In connection with the OECD's Base Erosion and Profit Shifting Project ("BEPS"), a  group of 140 countries have made commitments to radically modify the international tax  system.

Under BEPS Action 1, Pillar 1, it was agreed to adopt new profit allocation and nexus  rules so that 25% of large multinational enterprises' residual profits are redistributed to  the countries in which consumers are located. Market jurisdictions would then have a  taxing right over those residual profits. While this is a major shift away from the  requirement for a physical nexus to confer jurisdiction to tax, in today's digital world with  its absence of physical presence, there is a principled basis for shifting to a market based approach.

What is more troubling, however, is Pillar 2, under which the group of 140 countries  seeks to impose a 15% minimum corporate tax on large multinational enterprises  (having annual revenues of at least €750 million). In the case of Canada, this would  mean that a Canadian-based MNE would face an additional 15% tax on top of its  regular corporate tax of 26.5%, to the extent that any foreign affiliate faced a local  income tax of less than 15% in its home country.

As a practising tax lawyer and former Tax Policy Officer in the Department of Finance,  Canada, I am very troubled by the endorsement by the Government of Canada of the  OECD's initiative to implement Pillar 2.

The following information from the OECD itself refutes the claim that Canada (or for that  matter any other member of the OECD) is suffering the loss of corporate tax revenue  resulting from a so-called "race to the bottom", which purports to justify this new tax.

The OECD's global corporate tax statistics database reports that average corporate tax revenues have risen from 12.3% of total revenues in 2000 to 15.3% in 2018. Corporate  taxes collected as a per cent of GDP have increased from 2.7% to 3.2%- a gain of 20%.

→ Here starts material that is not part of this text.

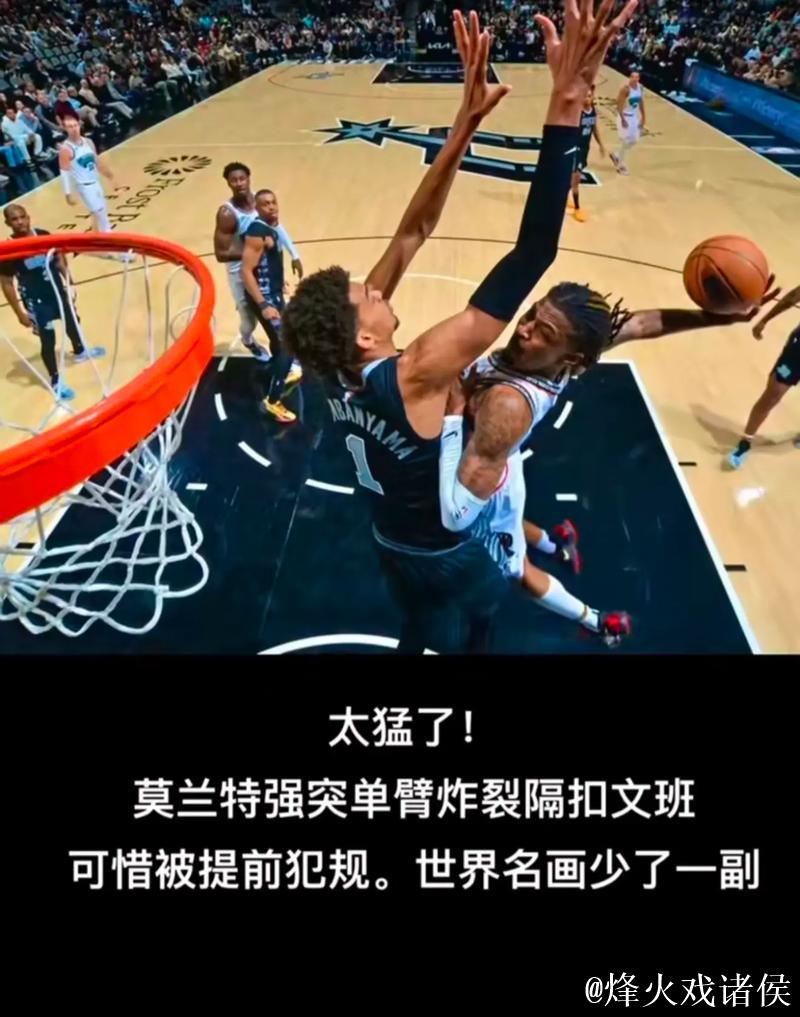 莫兰特准绝杀灰熊险胜森林狼 热火大胜开拓者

For over 46 years, Canadian international tax policy has been to foster capital export  neutrality, so that an expanding Canadian firm can make its business decisions based  on good business practices and not on lower taxes. The method for doing so was the  establishment of an international tax system anchored in the creation of a notional  account called "exempt surplus" in a foreign affiliate that carried on an active business  in a country with which Canada has a tax treaty or a tax information exchange  agreement. If that corporate group paid less tax on foreign earnings than would have  been the case if it had only operated domestically in Canada that was seen as a  positive result, permitting the Canadian-based multinational to compete and expand.

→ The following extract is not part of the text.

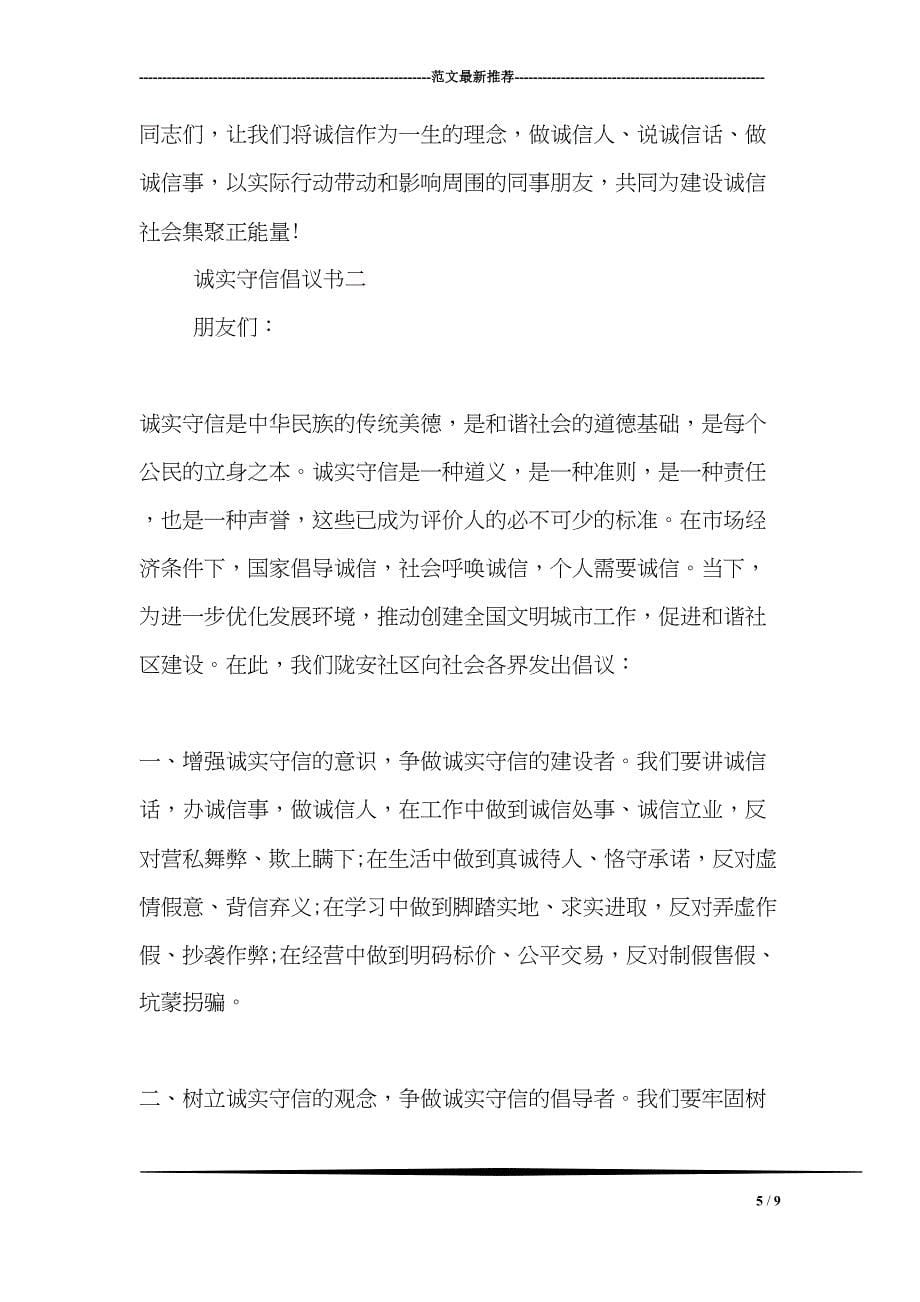 诚信经营倡议书2篇(DOC 9页)_第5页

The result would be increasing wealth for the Canadian parent, its shareholders and  other stakeholders in Canada.

This system also recognized that good international tax policy tries to reduce barriers to  entry, and so if a Canadian-based MNE wished to expand into Europe, Canada would  not impede its decision to run its active foreign affiliate through Ireland where the  corporate tax rate was 12.5% versus Germany where the corporate tax rate was 30%.

However, by imposing a minimum tax of 15% on this corporate group, the Government  of Canada would be launching a direct assault against that positive international tax  policy, without a justifiable rationale, as demonstrated by the OECD's own statistics.

Such a policy constitutes a "soak the rich" tax grab, in the absence of real world,  principled, fiscal policy justification, and would cause serious harm to Canada's  corporate sector, to the detriment of all Canadians.